Velayetin düzenlenmesi kamu düzenini ilgilendir. Hakim tarafların isteği ile bağlı olmaksızın çocuğun yararını gözeterek alacağı önlemi takdir eder. Tarafların bu konudaki anlaşmaları hakimi bağlamaz.
Ne varki Medeni Kanunun 3444 sayılı yasa ile değişikliğinden önce düşünülen bu durumun değişiklikten sonra varlığını koruduğu söylenemez.
Medeni Kanun’un 3444 sayılı Yasa ile Değişik 134/3 maddesi aynı yasanın 150/3 maddesiyle öngörülen kuralın anlaşma kuralına uygulanamayacağını, hakimin bu anlaşmayı uygun bulması halinde, anlaşmanın tarafları bağlıyacağını öngörmüştür. Aslında 3444 sayılı yasa değişikliğinden önceden tarafların hakimin onayını almak koşuluyla boşanmanın eki ( Fer'i ) niteliğindeki konularda anlaşma yapmaları mümkün görülmekte idi ( M.K.Md.150 ). Ancak uygulamada bu hüküm mali konularla sınırlı tutulmuş, velayetin düzenlenmesi bu hükmün dışında tutulmuştur.
Yeni düzenleme bu konuya da açıklık getirmiş, eşlerin çocukların velayeti konusunda da anlaşma yapabileceklerini açıklığa kavuşturmuştur. Anılan yasal düzenleme velayetin belirli koşullarla eşler arasında serbestçe düzenlenebileceğine olanak sağlaması bulunduğundan anlaşma gereğinin yerine getirilmesinin istenmesi de mümkün hale gelmiştir. Belirtilen yasal düzenleme karşısında Medeni Kanunun148.(TMK 182) maddesinin uygulama alanı daralmıştır. Hakim Medeni Kanunun 272 (TMK 346) ve sonraki maddeleriyle öngörülen durumların bulunması halinde anlaşmaya müdahale ile çocuk hakkında uygun hüküm kurabilir.

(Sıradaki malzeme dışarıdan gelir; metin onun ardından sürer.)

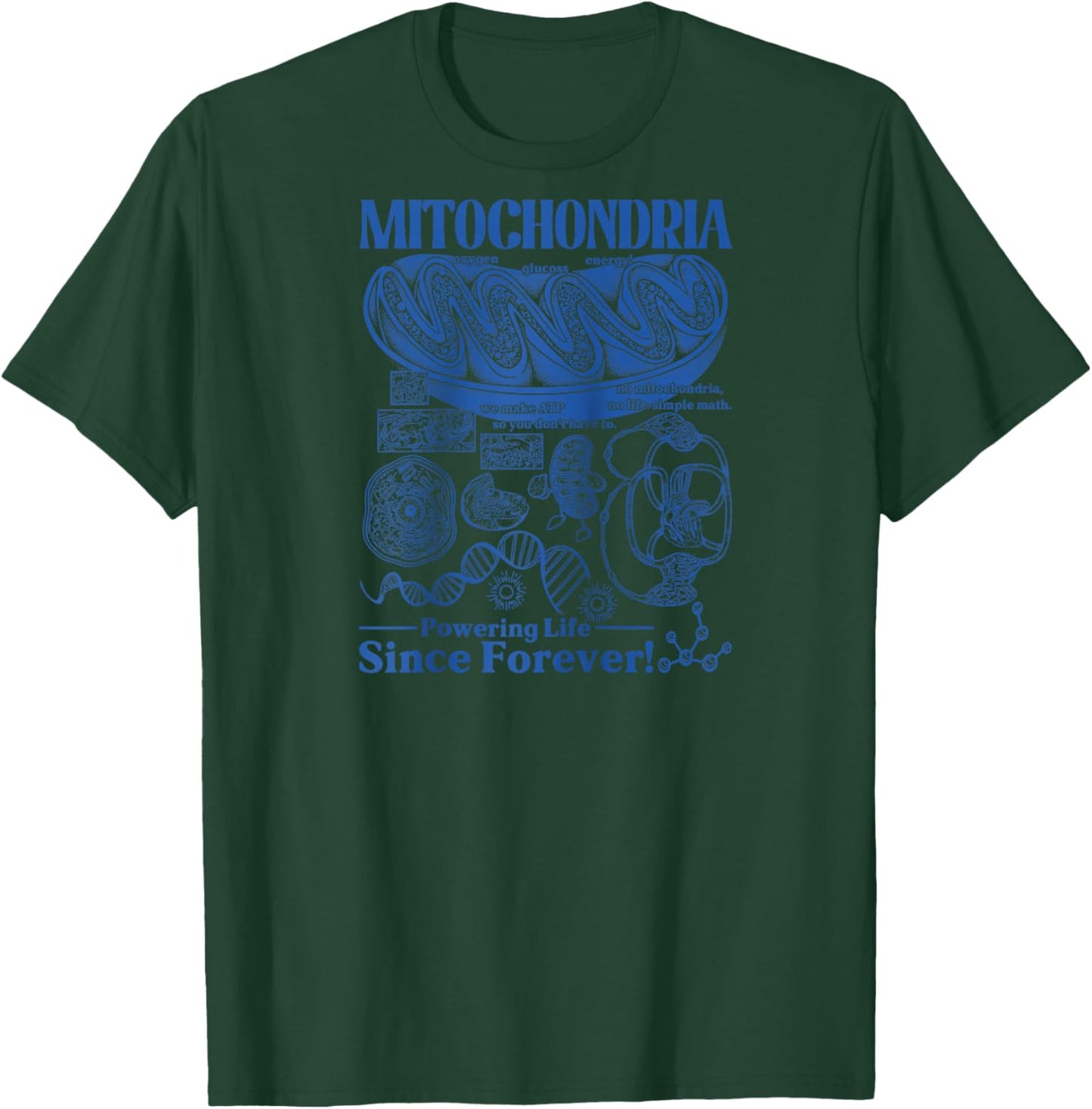 Mitochondria Vintage Science Biology Cell Diagram Geek Lab Raglan Baseball T-Shirt - T-Shirt | Forest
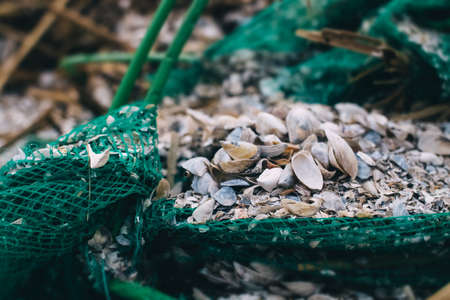 An old green fishing net is torn apart, covered in shells. The blurred edges of the photograph create concept of the passage of time and aging. Nature background. Close-up of vintage fishing tackleの写真素材
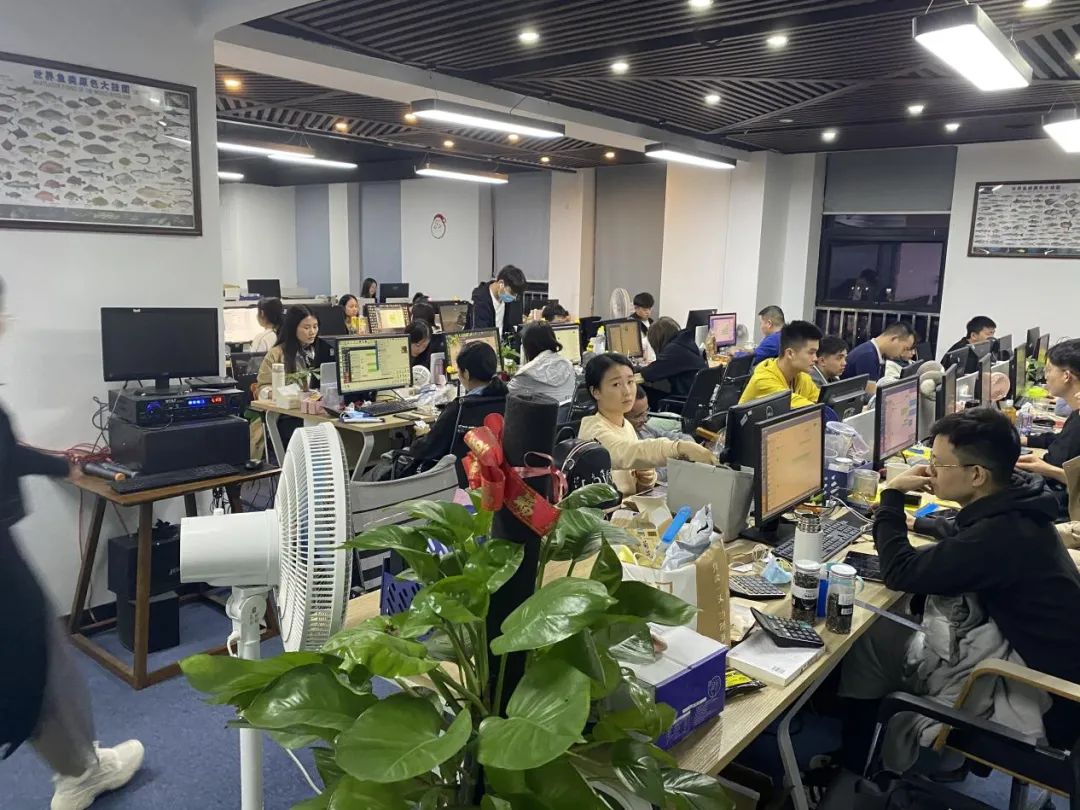 一家月入2000万的私域电商,私域电商月入10万的方法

Somut olayda davalı velayetin alınması veya kaldırılmasın (nez ) gerektiren bir nedenin varlığını ileri sürmediğine ve böyle bir durumun varlığı saptanmadığına göre anlaşma hükümlerine uygun hüküm kurulması gerektiğinin düşünülmemesi doğru bulunmamıştır.
SONUÇ : Temyize konu olan hükmün açıklanan nedenlerle ( BOZULMASINA ), oybirliğiyle karar verildi.